WebmasterWorld Senior Member 10+ Year Member Top Contributors Of The Month



Site has a large number of
http://www.example.com/index.php?main_page=popup_image&pID=48000 
type URLs indexed.

These are popup images linked from product pages. When visited from SERPs, they have no way to un-popup, and no links back to the product page, the category page or the root index page of the site. There's no way into the rest of the site from these things.

One swift fix was to simply add:

Disallow: /?main_page=popup_image
Disallow: /index.php?main_page=popup_image


to the robots.txt file.

g1smd

7:59 am on Mar 2, 2010 (gmt 0)

WebmasterWorld Senior Member 10+ Year Member Top Contributors Of The Month



I can visibly see that pages are slow to load and/or render beyond loading the top header and left side navigation.

Google WebmasterTools says this particular site is slower than 80% of other sites on the web. It says some pages are taking up to 12 seconds to load. While I don't think that number is right, the site certainly needs speeding up.

This is looking like a challenge!

g1smd

12:38 am on Mar 4, 2010 (gmt 0)

WebmasterWorld Senior Member 10+ Year Member Top Contributors Of The Month



ZenCart has the most ugly URLs imaginable.
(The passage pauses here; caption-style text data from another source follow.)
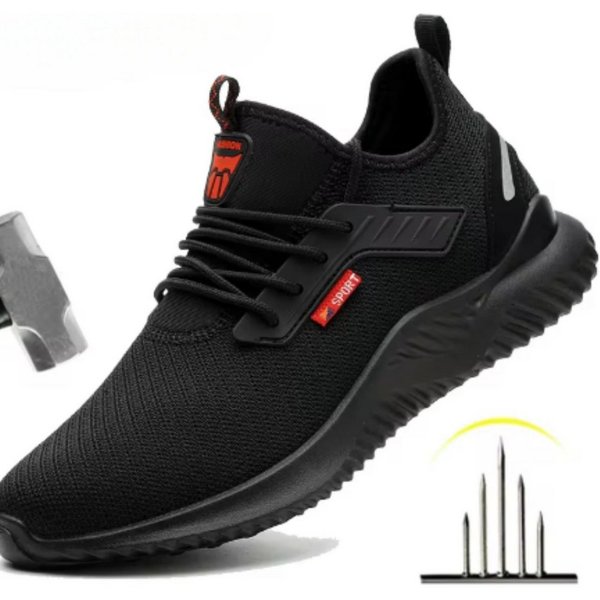 ARMORAX Sicherheitsschuhe mit Stahlkappe unisex, Sicherheitsschuh schwarz Arbeitsschuh flexibler Sicherheitsschuh mit Stahlkappe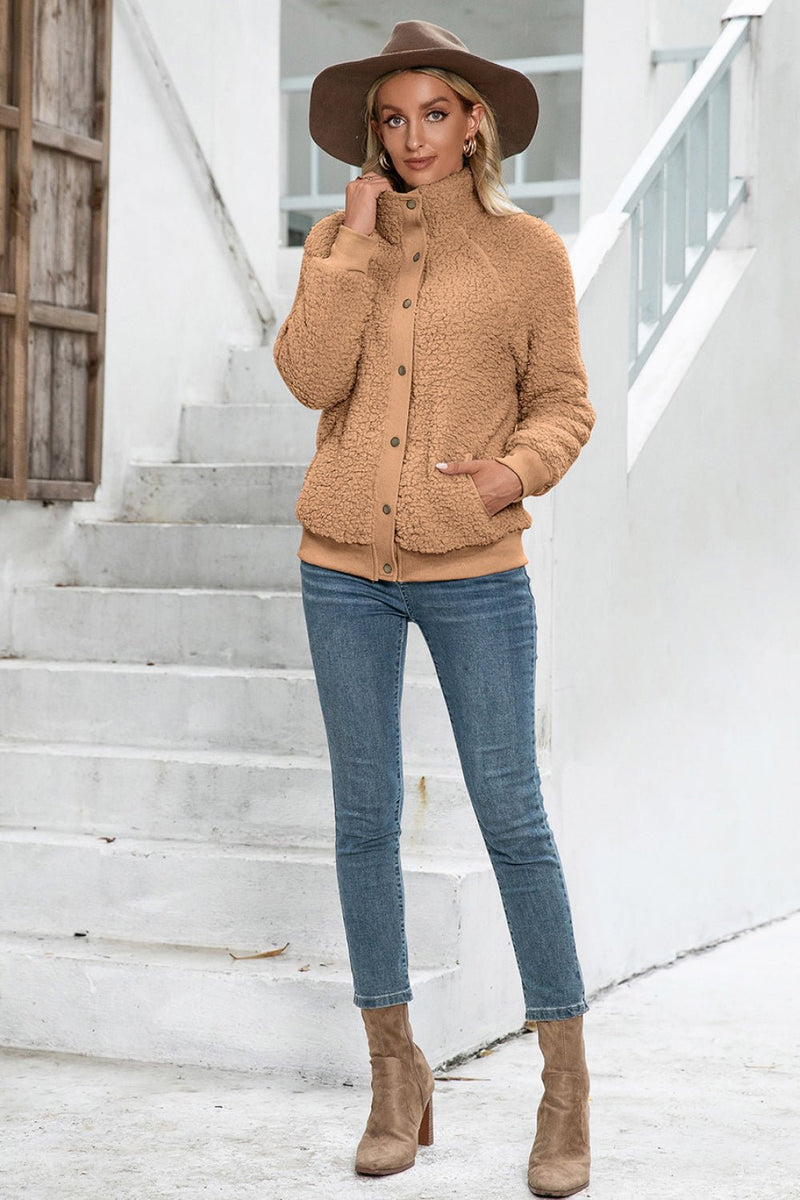 Snap Button Down Teddy Jacket - Bakers Shoes store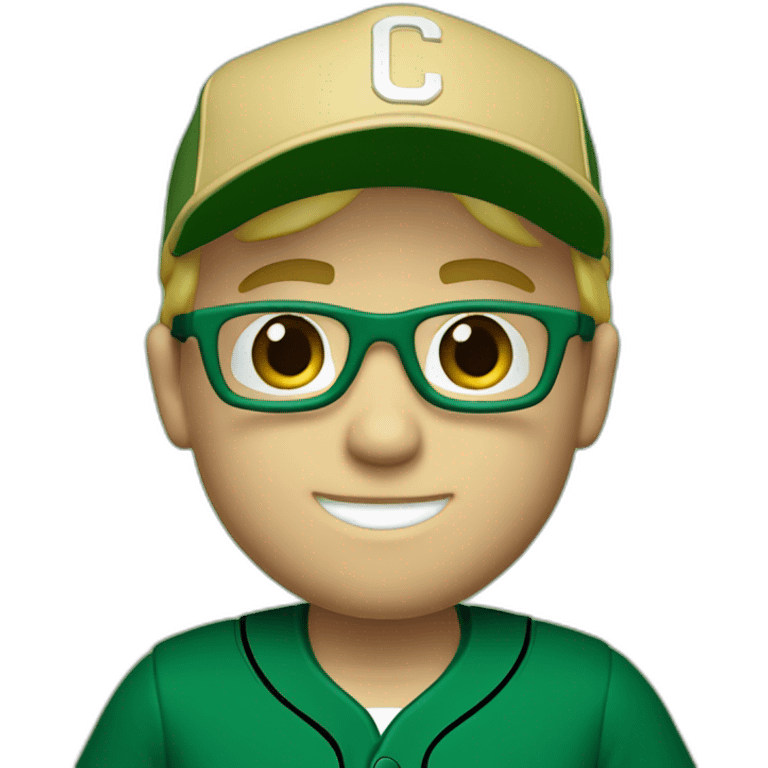 Blonde male, blue eyes, short hair with glasses. Dark green baseball uniform with hat and with "C" on the dark green hat. make the style slightly 3D with a diagonal angle. Crop from chest up emoji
I can't begin to understand what the designers might have been thinking.

URL writing seems like a 'must do' but I am not sure whether to put any trust into any of the URL rewriting add-ons that I have seen so far, especially when they come with inconsistent and abysmal code like this:

www
# trailing slash
# If URL-path does not contain a period or end with a slash
#RewriteCond %{REQUEST_URI} !(\.|/$)
# add a trailing slash
#RewriteRule (.*) http://www.example.com/$1/ [R=301,L]
#
# Redirect non-www domain requests to www domain
RewriteCond %{HTTP_HOST} ^example\.
RewriteRule (.*) http://www.example.com/$1 [R=301,L]

non-www
# trailing slash
# If URL-path does not contain a period or end with a slash
#RewriteCond %{REQUEST_URI} !(\.|/$)
# add a trailing slash
# RewriteRule .* http://example.com%{REQUEST_URI}/ [R=301,L]
#
# Canonicalize the domain
# Redirect non-www domain requests to www domain
RewriteCond %{HTTP_HOST} ^www\.example\.
RewriteRule (.*) http://example.com%{REQUEST_URI} [R=301,L]

g1smd

10:19 pm on Mar 4, 2010 (gmt 0)

WebmasterWorld Senior Member 10+ Year Member Top Contributors Of The Month



The above code, corrected:

# www
# Domain canonicalisation
# Redirect all non-www domain requests, and www with port number, to www domain
RewriteCond %{HTTP_HOST} .
RewriteCond %{HTTP_HOST} !^www\.example\.com$
RewriteRule (.*) http://www.example.com/$1 [R=301,L]


# non-www
# Domain canonicalisation
# Redirect all www domain requests, and non-www with port number, to non-www domain
RewriteCond %{HTTP_HOST} .
RewriteCond %{HTTP_HOST} !^example\.com$
RewriteRule (.*) http://example.com%{REQUEST_URI} [R=301,L]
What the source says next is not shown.